[[ EXTRACTED MATERIAL, beginning ]]

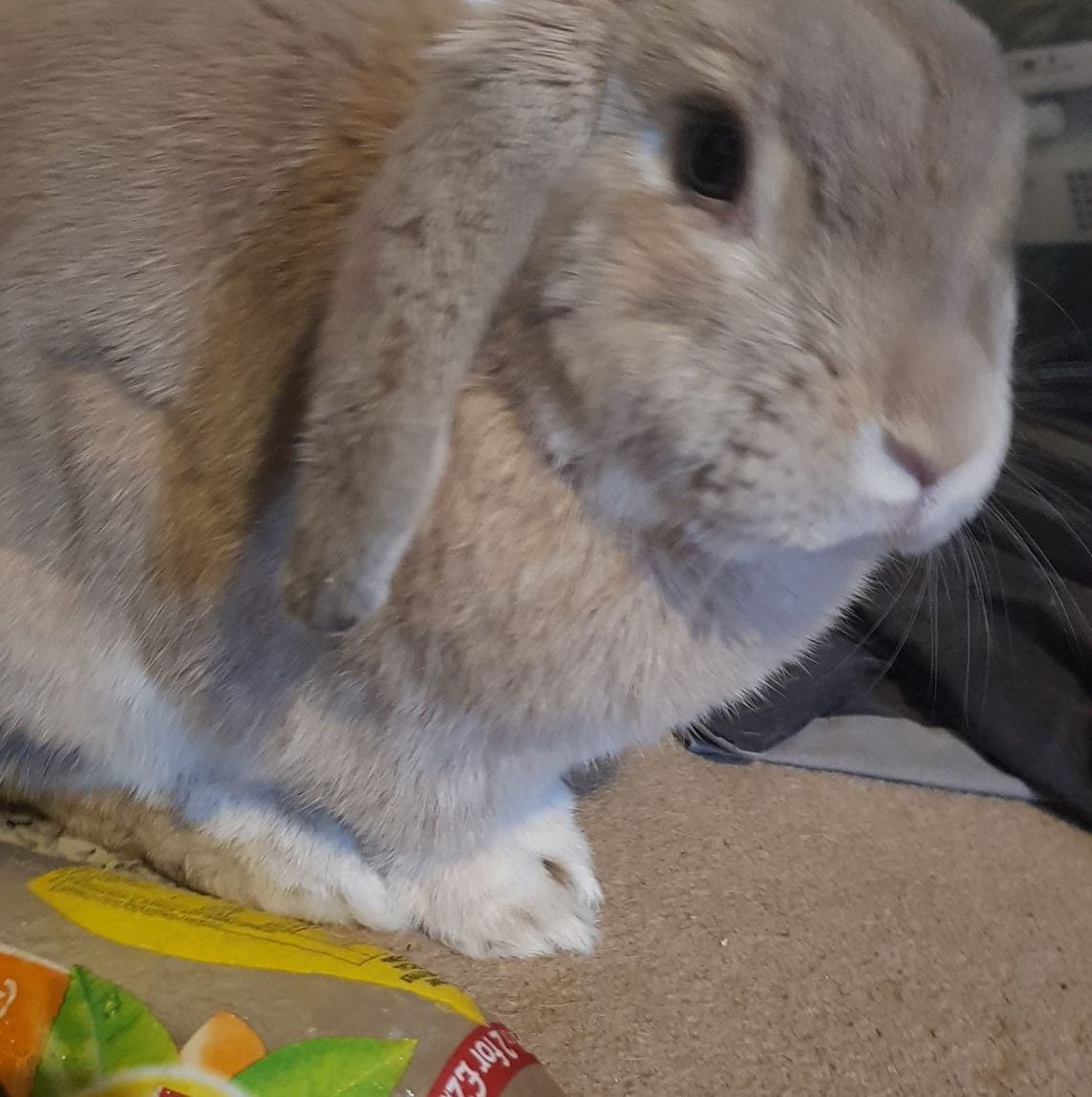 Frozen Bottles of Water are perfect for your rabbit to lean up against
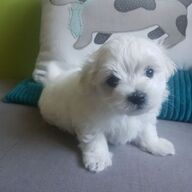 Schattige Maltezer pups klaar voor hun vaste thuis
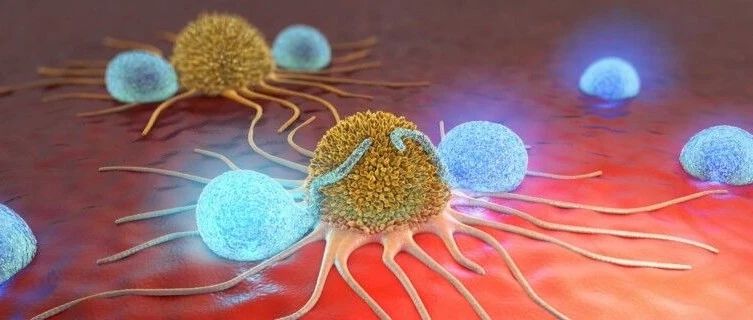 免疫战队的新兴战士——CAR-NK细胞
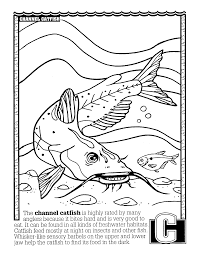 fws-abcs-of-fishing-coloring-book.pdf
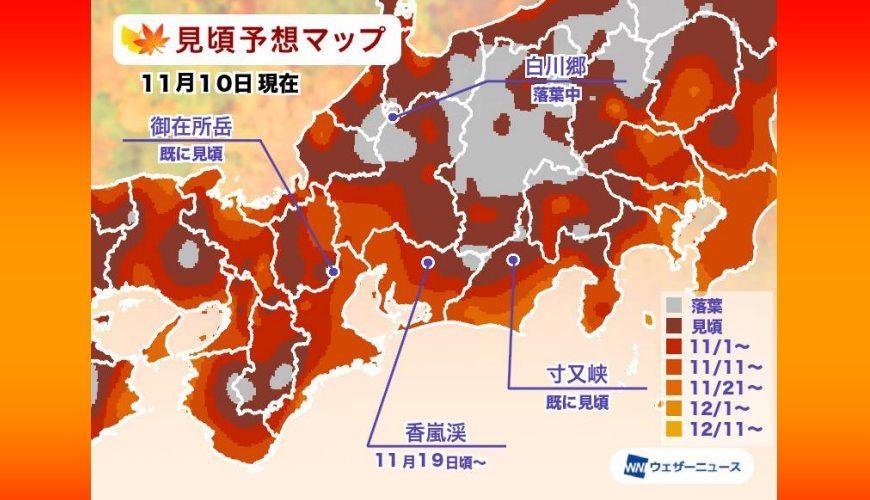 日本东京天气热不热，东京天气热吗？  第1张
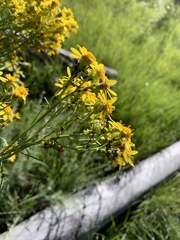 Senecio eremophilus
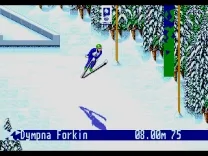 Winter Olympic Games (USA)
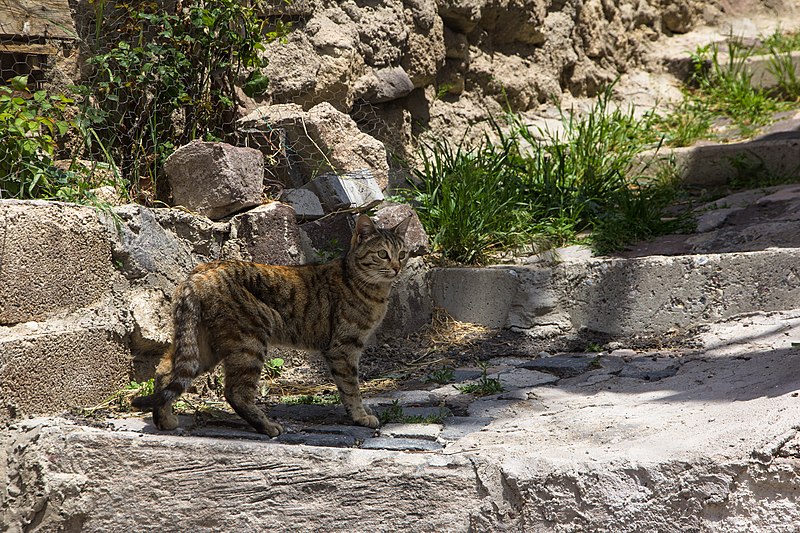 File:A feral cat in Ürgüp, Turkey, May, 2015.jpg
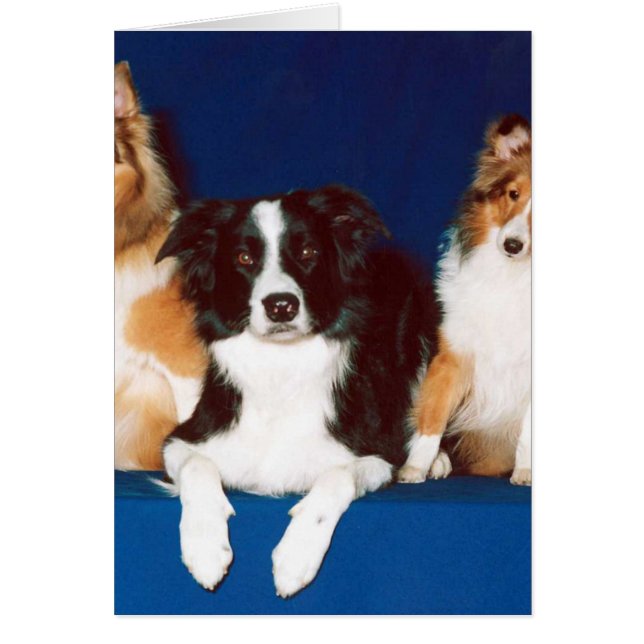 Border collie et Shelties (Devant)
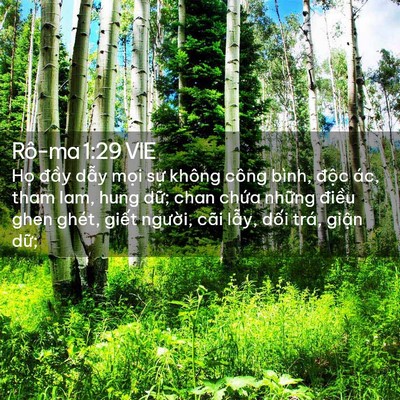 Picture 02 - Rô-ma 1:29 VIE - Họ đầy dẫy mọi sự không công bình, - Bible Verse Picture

[[ EXTRACTED MATERIAL, end ]]

▸ **DIRECTIONS**
Nothing but the lines from the one holding "Border collie et Shelties (Devant)" through the final line of the entries should be retyped, exactly as they stand and without pictures.

▸ **EXERCISE SOLUTION**
 Border collie et Shelties (Devant)
 Picture 02 - Rô-ma 1:29 VIE - Họ đầy dẫy mọi sự không công bình, - Bible Verse Picture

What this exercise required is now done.